Twixt de Francis Ford Coppola (2011)

Gérardmer 2012 / Film d’ouverture.

Avant de voir Twixt, pensez que Francis Ford Coppola a commencé sa carrière avec Dementia 13. Le nouveau film de FF a plus à voir avec ces débuts avec Roger Corman, qu’avec Dracula, son chef-d’oeuvre baroque. C’est que dans Twixt, il est aussi question de vampires, mais pas du tout de la façon ni avec l’ambition avec laquelle il a adapté le roman de Bram Stoker il y a exactement vingt ans maintenant.

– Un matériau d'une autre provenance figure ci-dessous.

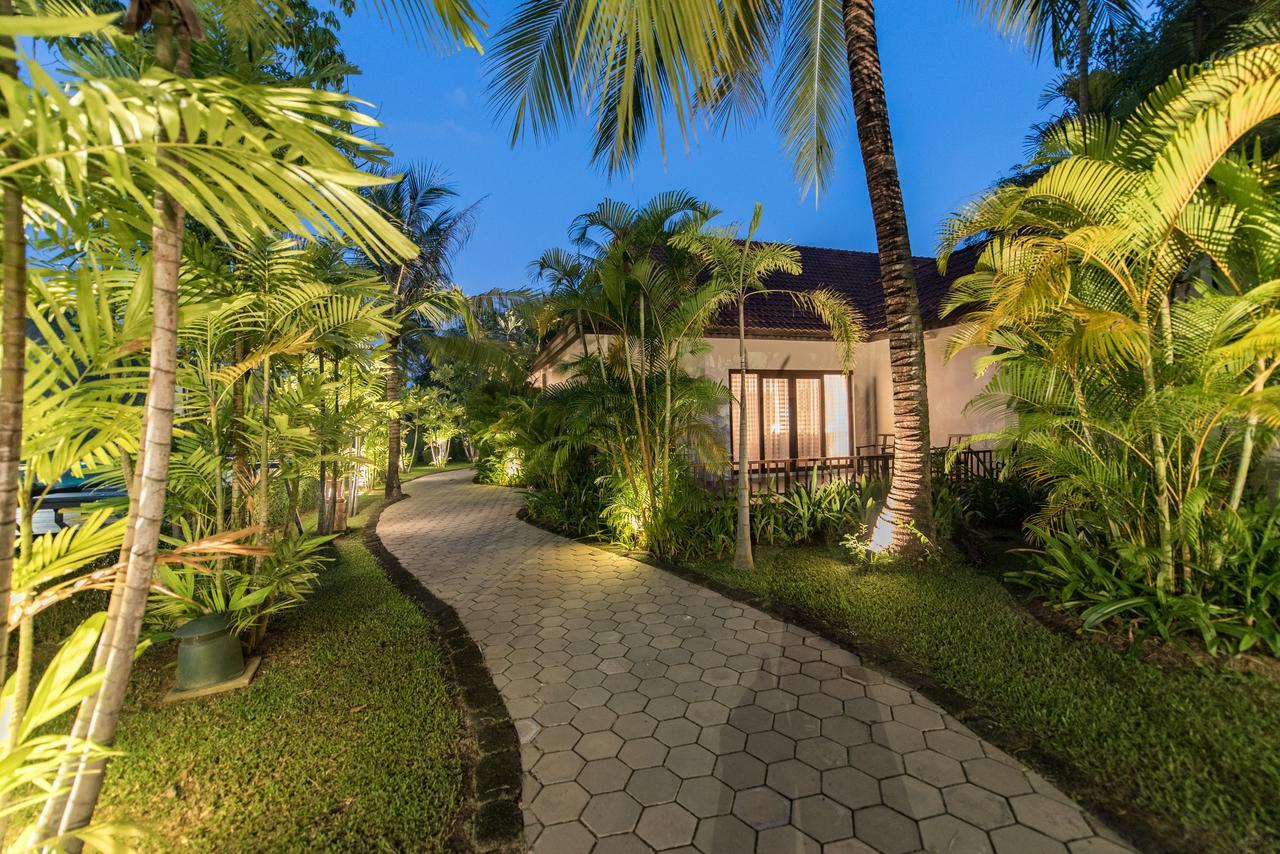 Palace Residence & Villa Siem Reap Ngoại thất bức ảnh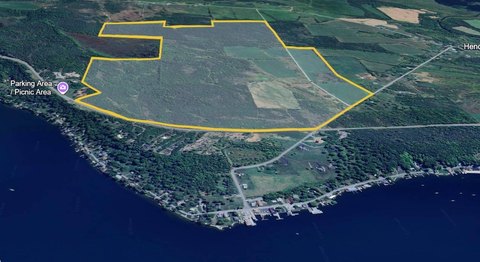 Mixed-Use Recreational & Agricultural Land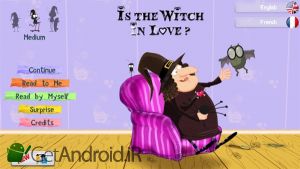 دانلود Is the Witch in Love اندروید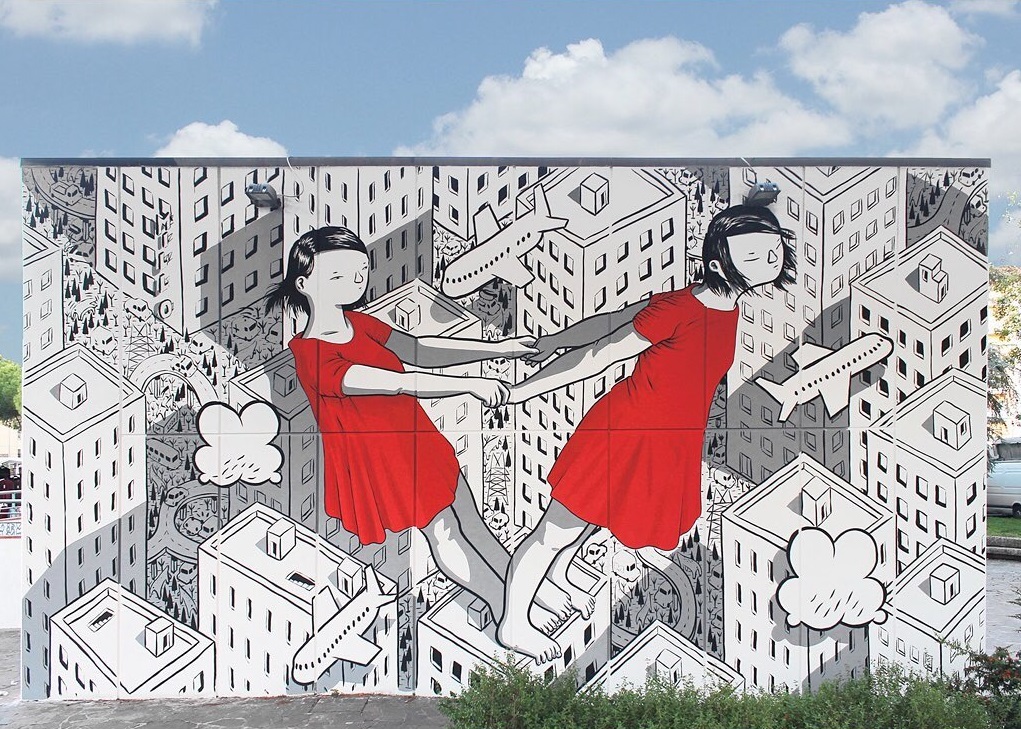 Millo @ Scandicci, Italy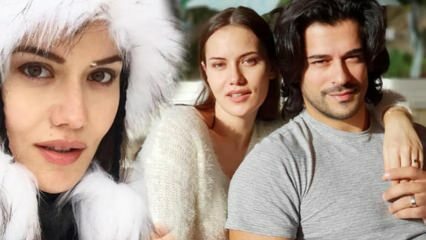 Fahriye Evcen отхвърли входящите рекламни оферти!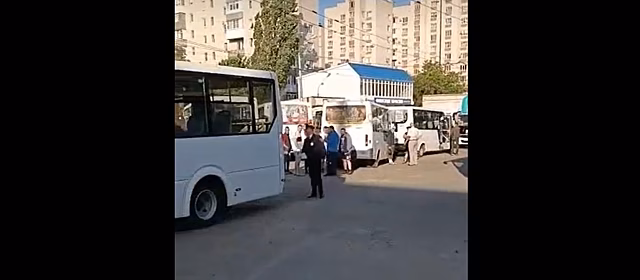 В Ставрополе водители общественного транспорта массово не вышли на работу 9 июня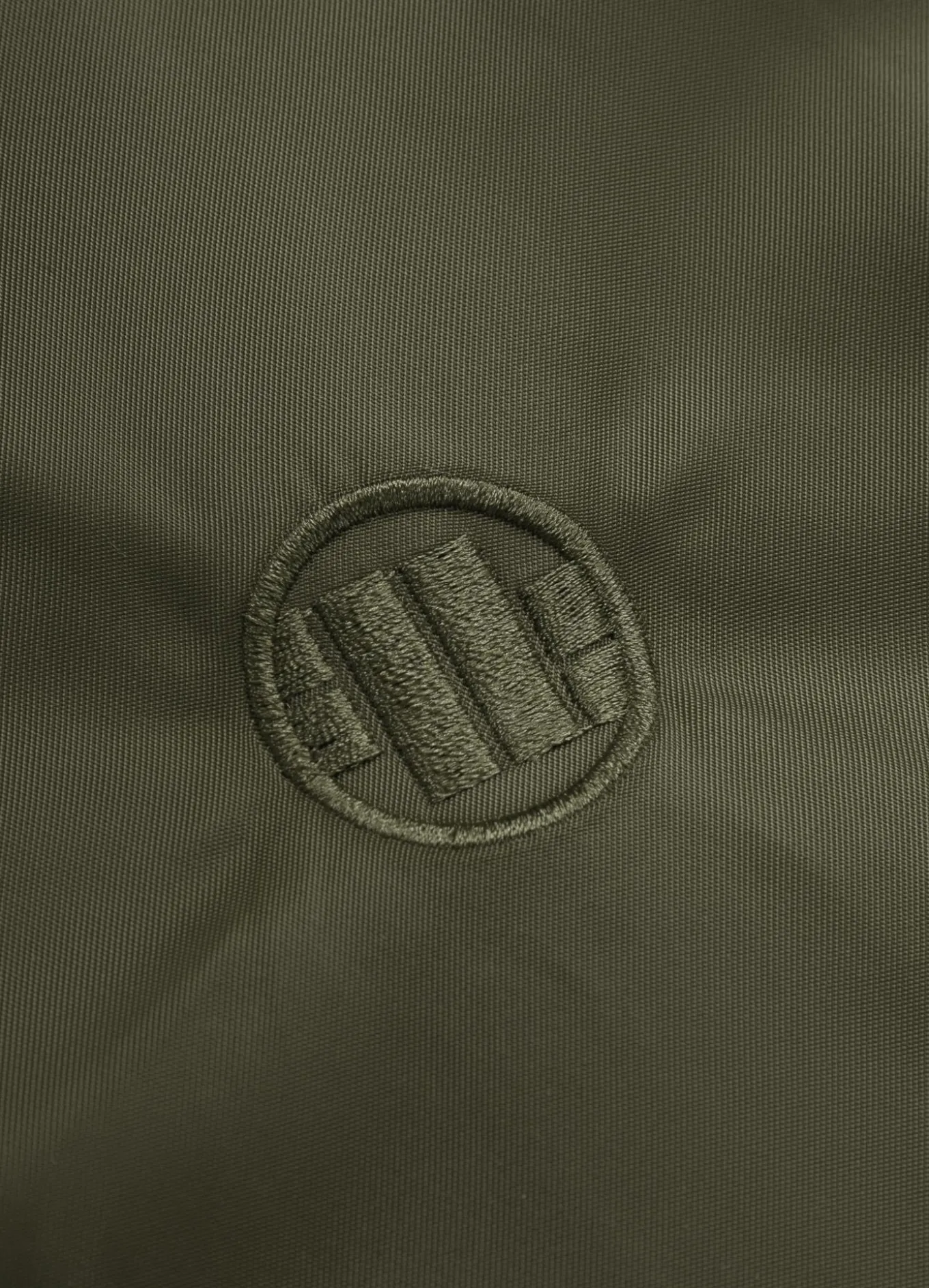 Men's jacket MA-1 Logo - Olive
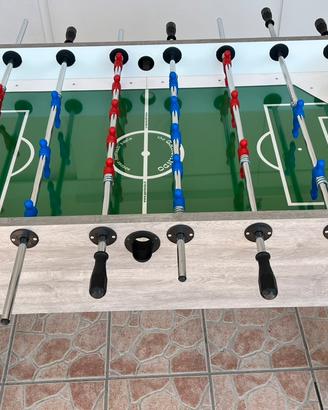Calcio balilla garlando G-500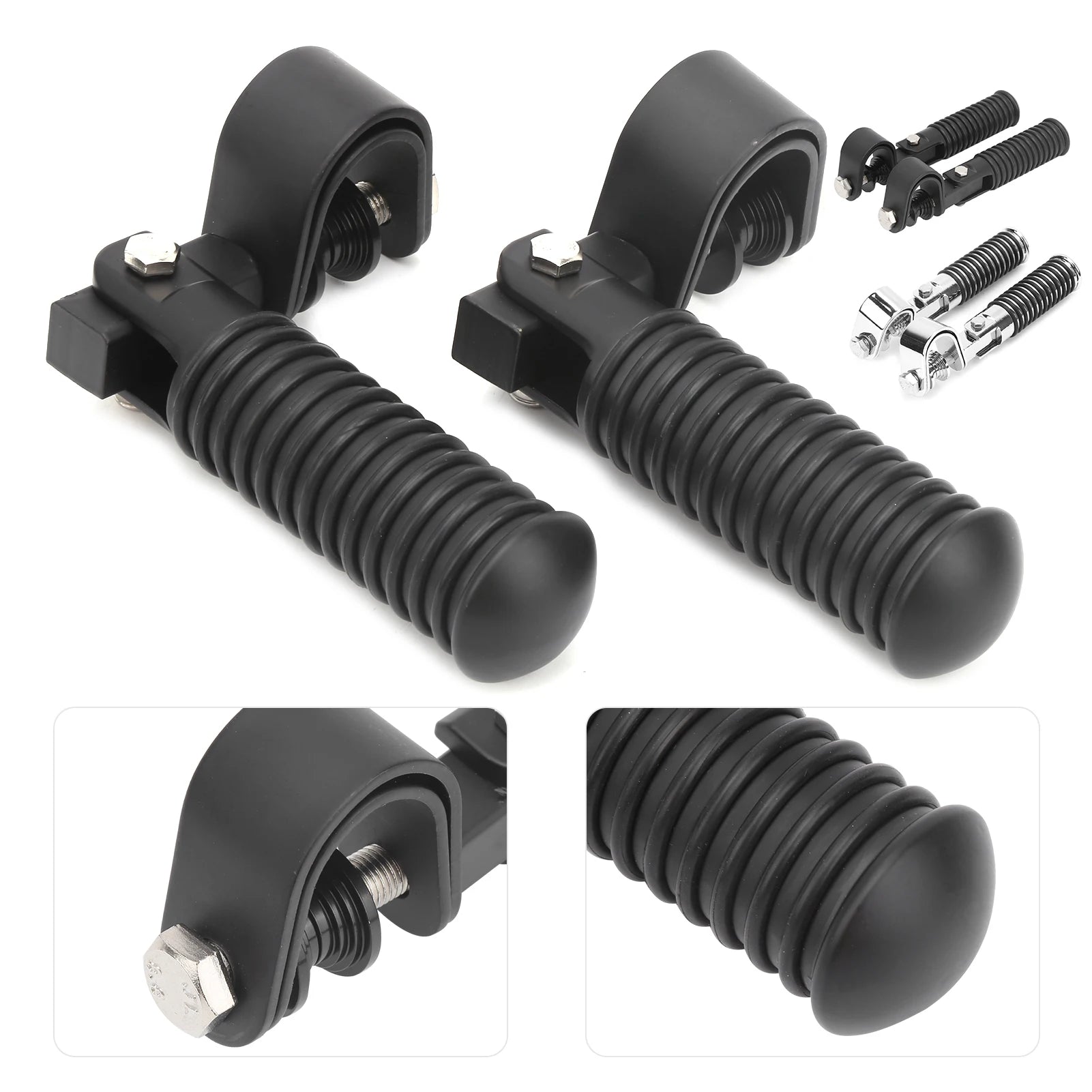 Universal E-Bike Foot Pegs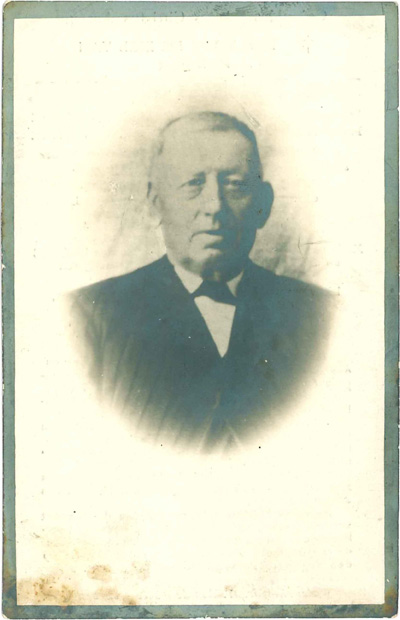 Petrus Franciscus Berckmoes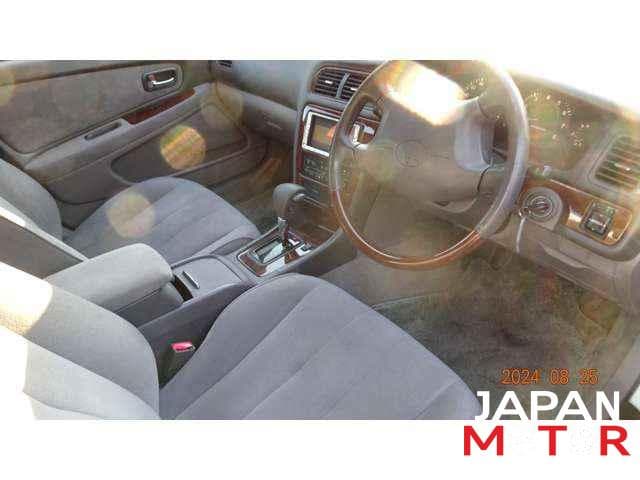 1999 Toyota Mark II JDM car for sale — photo 10 of 14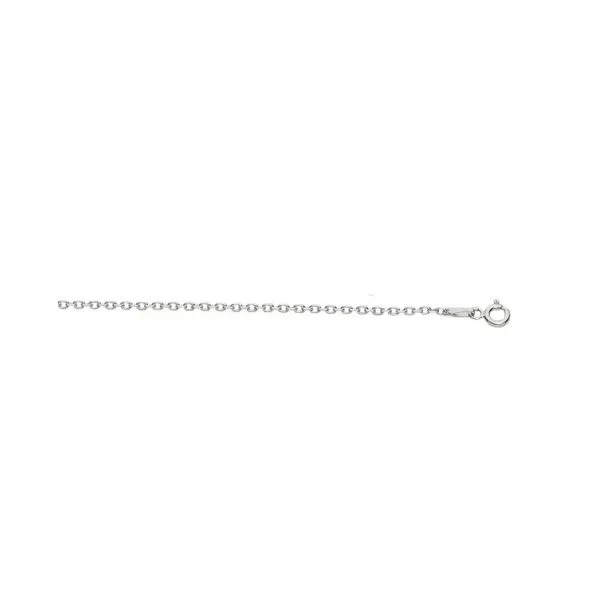 Silver Chain Studio D Jewelers Woodstock, IL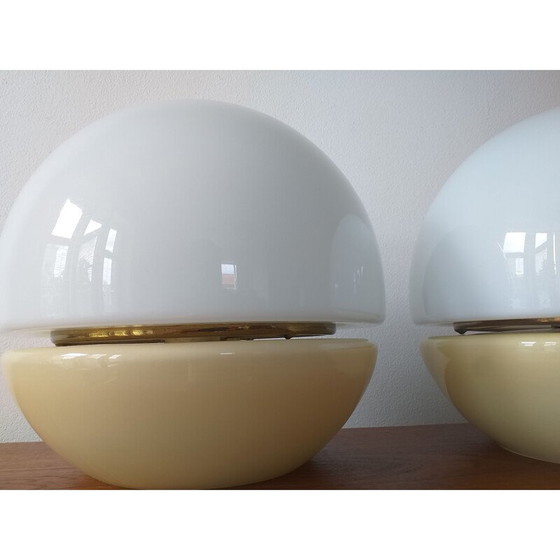 Image 1 of Paire de lampes de table du milieu du siècle dernier, 1970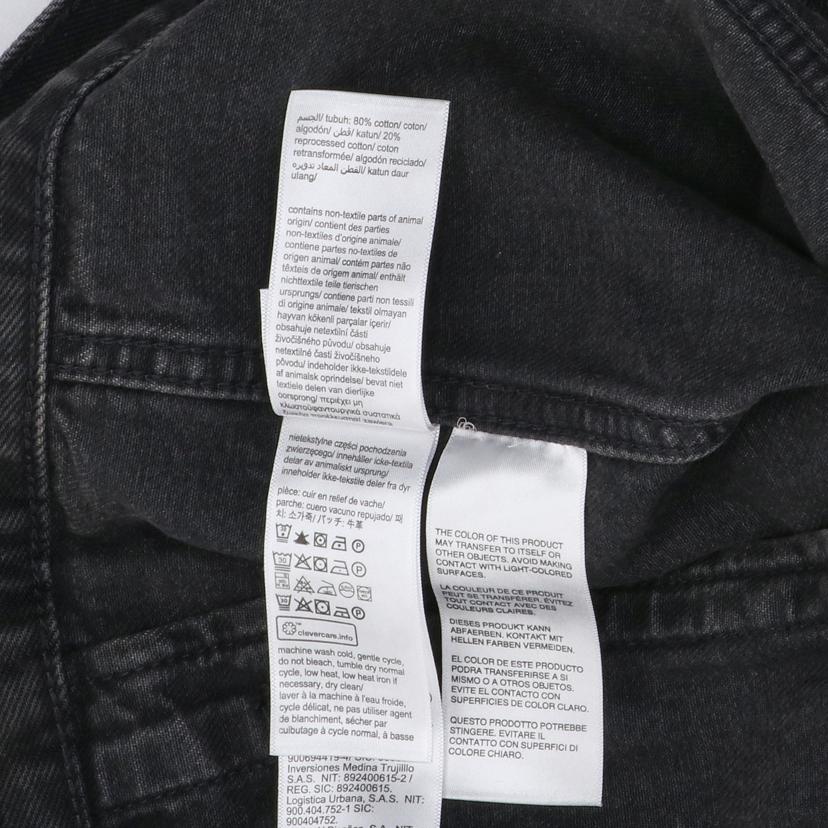 Calvin Klein Jeans カルバンクライン/Gジャン//Bランク/85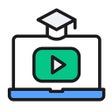 Ikona programu: LearnWatchGo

Ici, Val Kilmer incarne Hall Baltimore, un écrivain de seconde zone, considéré non sans sarcasme comme le maître ès roman de sorcellerie. Il débarque dans une petite ville paisible pour dédicacer dans une quincaillerie – et non pas une librairie – son dernier ouvrage. La séquence suffit à donner la mesure des intentions d’un cinéaste affranchis de toutes contraintes tant il n’a plus rien à prouver, et qui fait donc ce qu’il veut. Hall Baltimore attend désespérement qu’on vienne à lui et essaie d’attirer les clients qui passent sans s’intéresser une seule seconde à qui il est et ce qu’il fait là. Clairement, Francis Ford Coppola manie l’ironie. Le film dans son ensemble parait même conçu dans un  esprit de parodie.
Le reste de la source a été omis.